When I find Wilde’s tomb, it is clear that Ross got his wish. Located on the Avenue Carette, it is utterly impossible to miss. An imposing sandstone block looms over me, and I study the modernist sculpture carved into it by Jacob Epstein. It depicts an angel in flight and was intended to be as dazzling as the man it memorialized, and just as scandalous. The original was complete with male genitals, but these were wrenched away as long ago as 1922, presumably by souvenir-hunters but reportedly to the relief of the conservative cemetery authorities.
The genitals may be gone, but the kisses remain. Every inch of this huge monument is covered in lipstick traces. At first I am unsure as to whether they have simply been drawn on, but before long a pair of Japanese girls arrive to show me how it is done. Giggling as they approach the monument, they apply their thick red lipstick and each take a turn to press their lips to the stone. An unusual sign of devotion, but one of which Wilde would no doubt have approved.
He would have been just as pleased by the countless scrawled messages from his legion of fans. As I decipher them it’s soon clear that while they seem to have come from every country on the globe, the sentiments are universal: “We love you, Oscar!” says one, “Je t’aime Wilde,” adds another, while another hand has clearly marked “L’importanza di essere Oscar!”
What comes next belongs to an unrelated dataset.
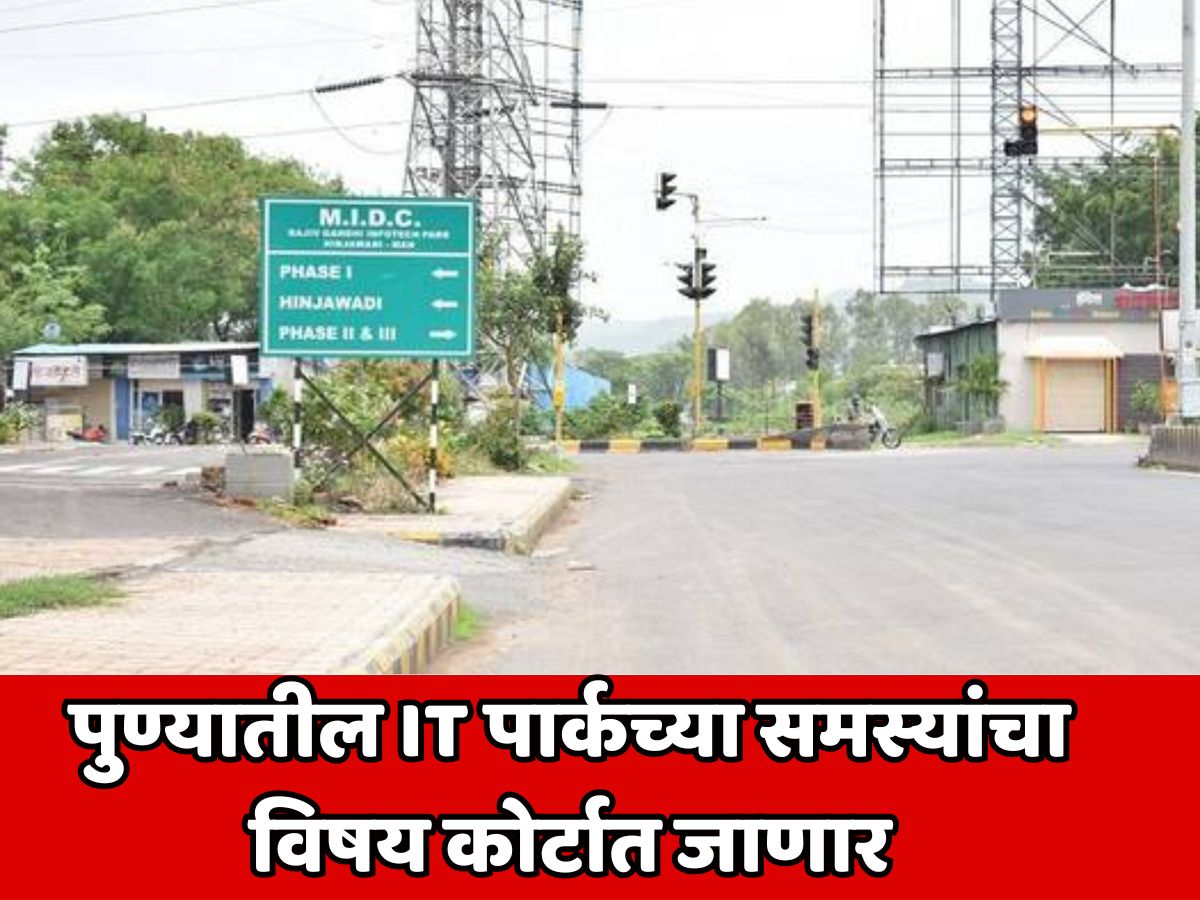 पुण्यातील IT पार्कच्या समस्यांचा विषय कोर्टात जाणार! हिंजवडील ग्रामस्थांनी डायरेक्ट अजित पवारांना इशारा दिला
Even in a cemetery full of eye-catching monuments and heart-rending sculptures, Wilde’s is defiantly ostentatious. Ross, who also became Wilde’s literary executor after his death, charged himself with ensuring that his dear friend Oscar would be remembered in all his glory, and he seems to have succeeded. Ross’ reward is that he is here as well. At his request, Wilde’s tomb contains a small compartment where his own ashes were placed in 1950.
I watch the other visitors come and go and realise that although Pere-Lachaise is a cemetery it never feels oppressive, sombre or maudlin. It’s a tranquil corner of Paris, where Oscar Wilde and many others who strove for immortality through their work have, in some way, found it. I look again at the etched reminders of his pilgrim travelers and smile. For Oscar, of course, the only thing worse than being talked about is not being talked about, so he would have adored these notes of kinship. Wilde’s work is characterized by his overarching humanity, and beneath the surface wit, there lies a tragic wisdom. In one of his most famous short stories, “The Canterville Ghost,” he wrote these words:
Death must be so beautiful. To lie in the soft brown earth, with the grasses waving above one’s head, and listen to silence. To have no yesterday, and no tomorrow. To forget time, to forgive life, to be at peace.
Here in Pere-Lachaise, where the high walls keep the frenzy of Paris at bay, Oscar Wilde has found the peace that eluded him in life.